Freddie Mac’s Primary Mortgage Market Survey showed rates on 30-year fixed-rate mortgages averaging 3.91 percent with an average 0.7 point for the week ending Dec. 22, down from 3.94 percent last week and 4.81 percent a year ago.
Rates on 15-year fixed-rate mortgages averaged 3.21 percent with an average 0.8 point, unchanged from last week’s record low but down from 4.15 percent a year ago.
For five-year Treasury-indexed hybrid adjustable-rate mortgage (ARM) loans, rates averaged 2.85 percent with an average 0.6 point, down from 2.86 percent last week and 3.75 percent a year ago.

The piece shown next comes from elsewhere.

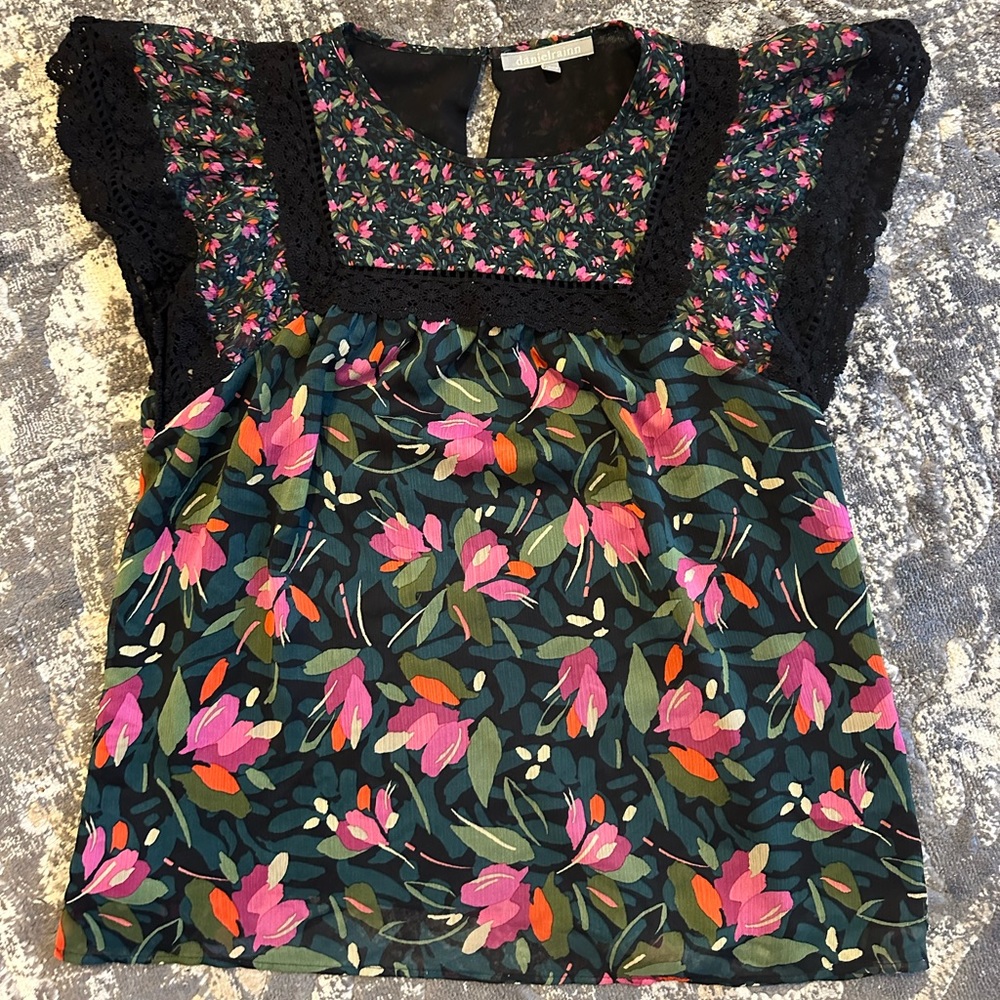 Daniel Rainn Blouse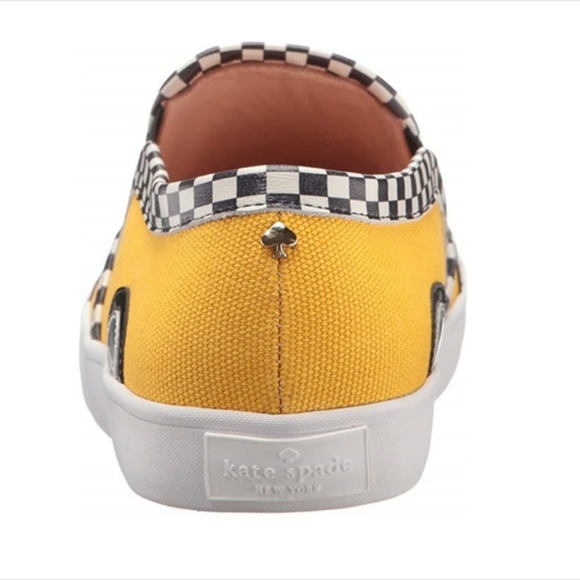 Kate Spade New York Linda Taxi Slip On Sneakers - Picture 4 of 7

Rates on one-year Treasury-indexed ARM loans averaged 2.77 percent with an average 0.6 point, down from 2.81 percent last week and 3.4 percent a year ago.
Rates on 30-year fixed mortgages have been at or below 4 percent for the last eight weeks and are almost 0.9 percentage points below where they were at the beginning of the year, said Freddie Mac chief economist Frank Nothaft. That translates into $1,200 in annual savings for a homebuyer taking out a $200,000 mortgage.
Looking back a week, the Mortgage Bankers Association’s Weekly Mortgage Applications Survey showed demand for purchase loans was down 7.5 percent during the week ending Dec. 16, and off 6.9 percent from a year ago.
"Remarkably low rates are not enough, as many homeowners continue to hold back due to lack of equity in their properties, poor credit and a weak job market," Michael Fratantoni, the MBA’s vice president of research and economics, said in a statement.
Looking back a month, the National Association of Realtors said Wednesday that existing-home sales increased by 4 percent from October to November, to a seasonally adjusted annual rate of 4.42 million homes. That’s a 12.2 percent increase from a year ago, when existing homes were selling at a pace of 3.94 million a year.